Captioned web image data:
- - - - -

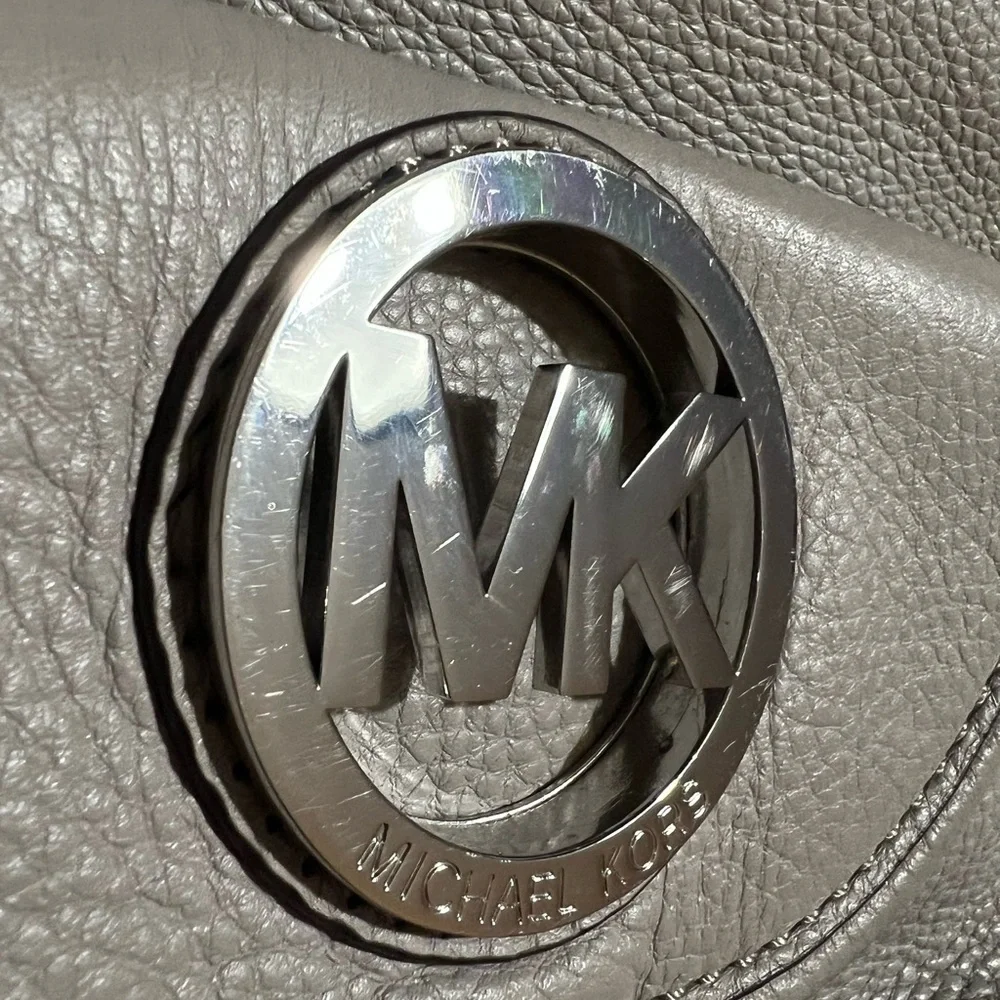 Michael Kors hobo handbag with silver color hardware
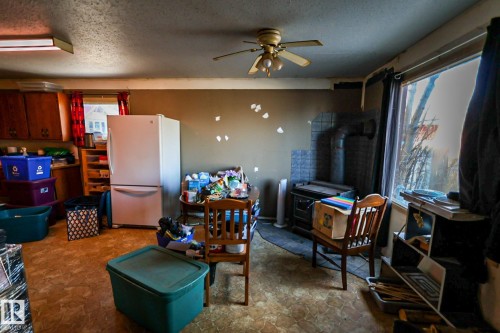 Kitchen area featuring wood-finish cabinetry, a built-in refrigerator, and a ceiling fan - 4114 Main Street, Ashmont, AB - Indoor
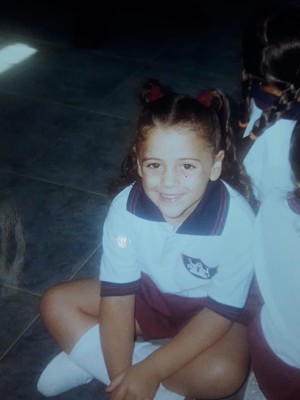 This is me when I was 5 years old. I went to Santa Teresa school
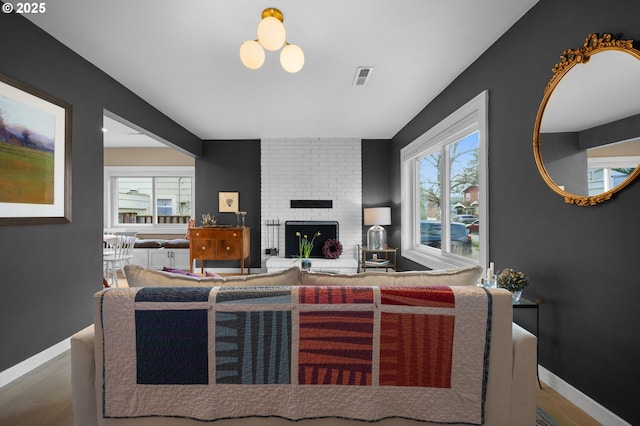 living room with visible vents, a brick fireplace, baseboards, and wood finished floors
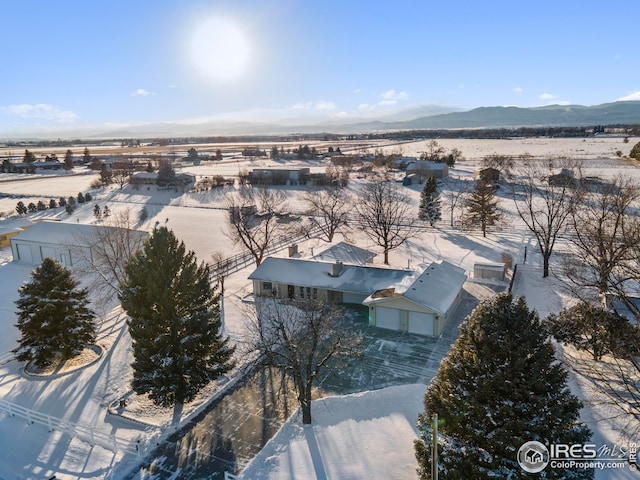 drone / aerial view featuring a mountain view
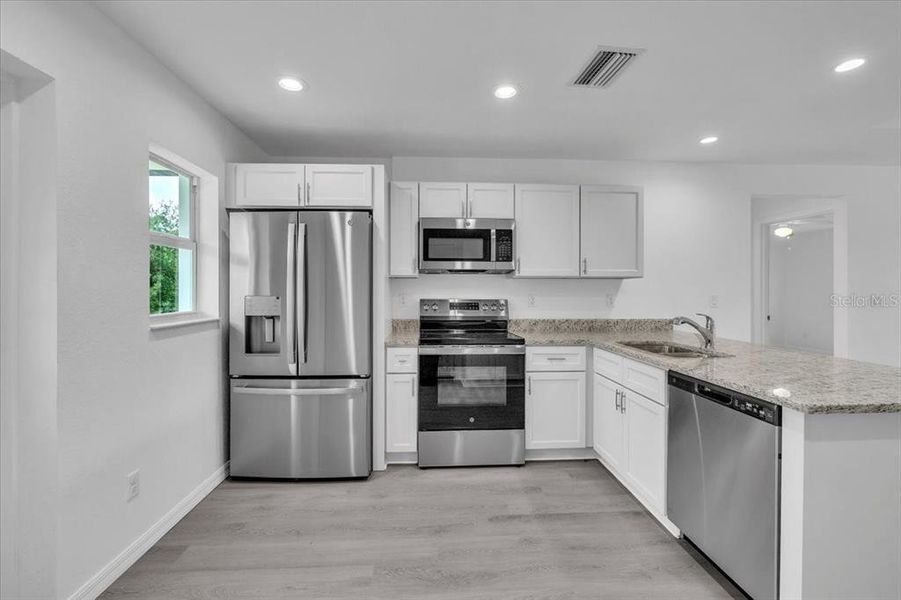 Furnished interior view inside a new home in , Punta Gorda (Image 11).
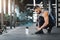 Muscular guy tying sneakers laces at gym, empty space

- - - - -

§ Exercise goal
Please transcribe every record above exactly as written, leaving out the pictures.

§ Your solution
 Michael Kors hobo handbag with silver color hardware
 Kitchen area featuring wood-finish cabinetry, a built-in refrigerator, and a ceiling fan - 4114 Main Street, Ashmont, AB - Indoor
 This is me when I was 5 years old. I went to Santa Teresa school
 living room with visible vents, a brick fireplace, baseboards, and wood finished floors
 drone / aerial view featuring a mountain view
 Furnished interior view inside a new home in , Punta Gorda (Image 11).
 Muscular guy tying sneakers laces at gym, empty space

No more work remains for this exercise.